The only other Irish-trained runner on Sha Tin’s big day will be Max Dynamite, who is on his way back from Australia where he finished in the first three in the Melbourne Cup for the second time.

He goes in the Vase and Willie Mullins has booked Glyn Schofield, a South African based in Sydney, for the seven-year-old, who ran third behind Rekindling and Johannes Vermeer at Flemington.

Dermot Weld, who trained Additional Risk to win the inaugural running of the Hong Kong Invitation Bowl (now the Hong Kong Mile) in 1991, had been planning to run three-time Group 3 winner Eziyra in the Vase. However, connections had a rethink and the Aga Khan-owned filly, who finished third behind Enable in the Irish Oaks, will race on as a four-year-old when she will be campaigned at Group 1 level.

High hopes for Harty chaser

We didn't see a lot of Coney Island last season but what we did see in his three races over fences was enough to suggest he should be worth watching when he returns to action in the near future.
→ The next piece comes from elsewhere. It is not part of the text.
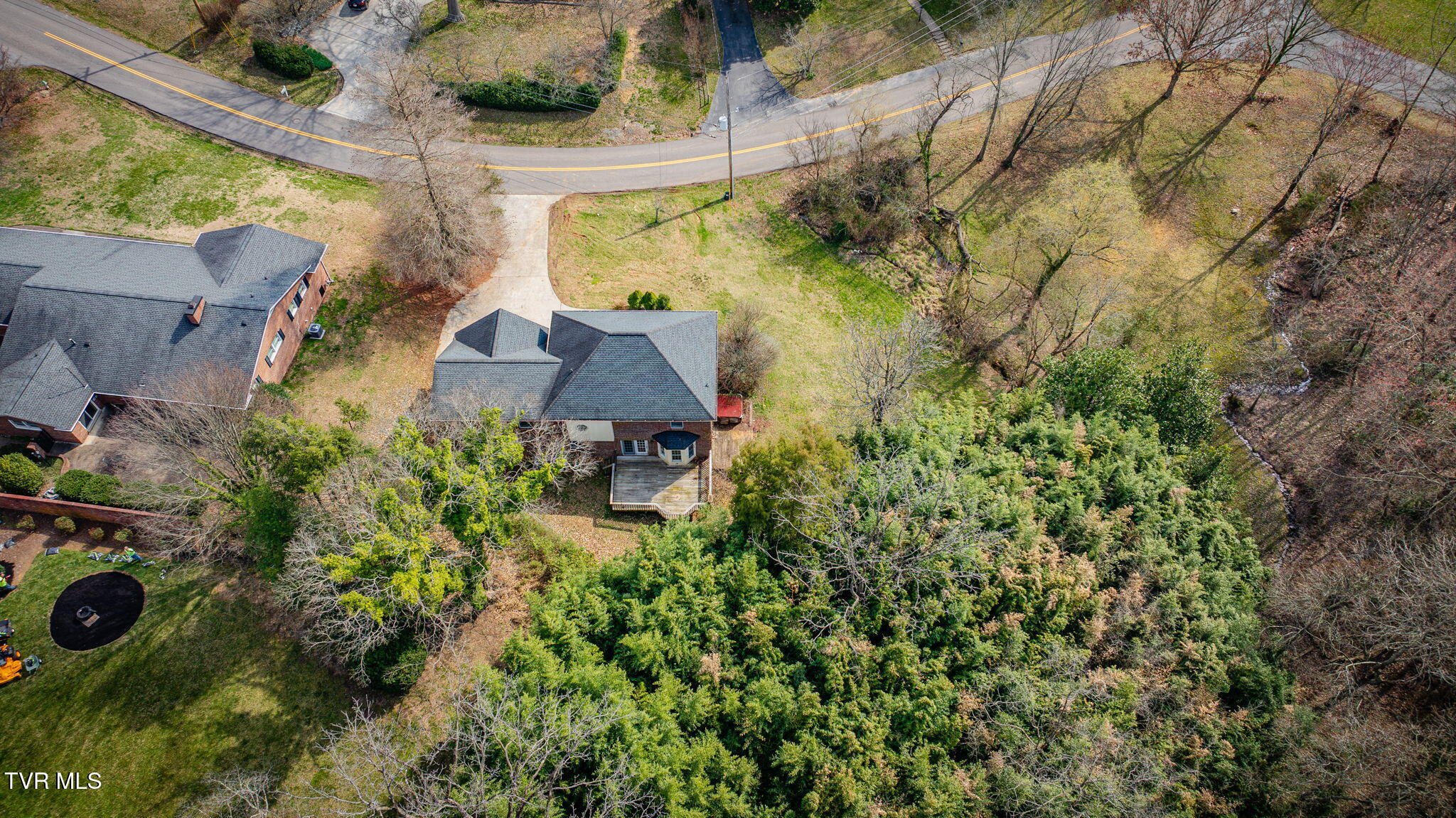 704 Ridgefields Road Kingsport, TN 37660 - Photo 53 of 55 106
On only his second start over fences, the Eddie Harty-trained six-year-old won the Grade 1 Drinmore Chase at Fairyhouse on this weekend 12 months ago.

At Leopardstown's Christmas meeting he ran subsequent Irish Grand National winner Our Duke to half a length in the Grade 1 Neville Hotels Chase over three miles. Disco, who has done plenty for the form since, was another half length back in third and a long way clear of the rest.

Coney Island
Coney Island: a Grade 1 winner who has an exciting profileCredit: Caroline Norris (racingpost.com/photos)
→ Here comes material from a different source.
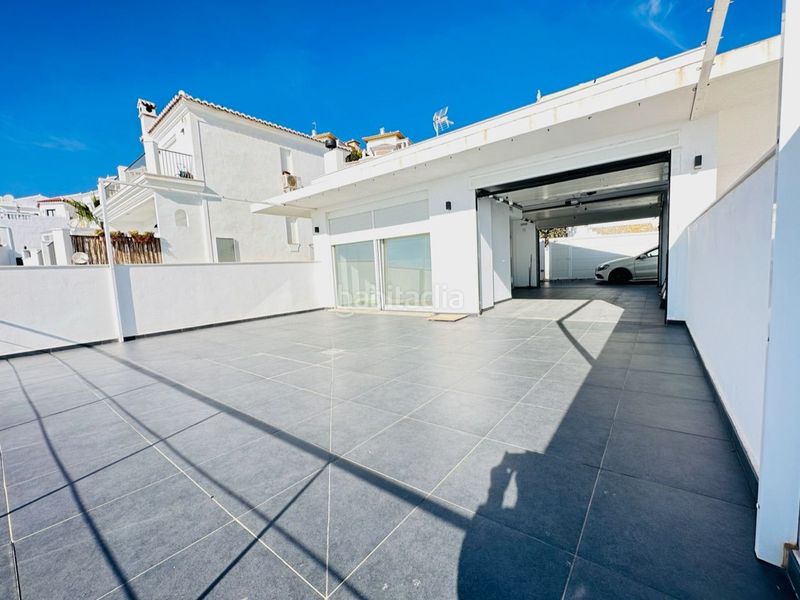 Foto e3ce402d-b281-4c6c-a67f-6a479ea4e8b3. Xalet amb piscina a Chaparil - Torrecilla - Punta Lara Nerja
Despite his curtailed campaign there was plenty of form book evidence to indicate that the son of Flemensfirth should be capable of further Grade 1 success over the coming weeks and months. What route connections decide on will be interesting.

The same comment applies to Min, who started off his campaign with a facile win against two rivals at Gowran Park last weekend. He achieved what he was entitled to achieve on what we saw of him in his two chases last season. The Gowran race was over two and a half miles and did it tell us that Min gets the trip well? It was little more than a schooling session, so the jury is out. Let's wait and see what happens next.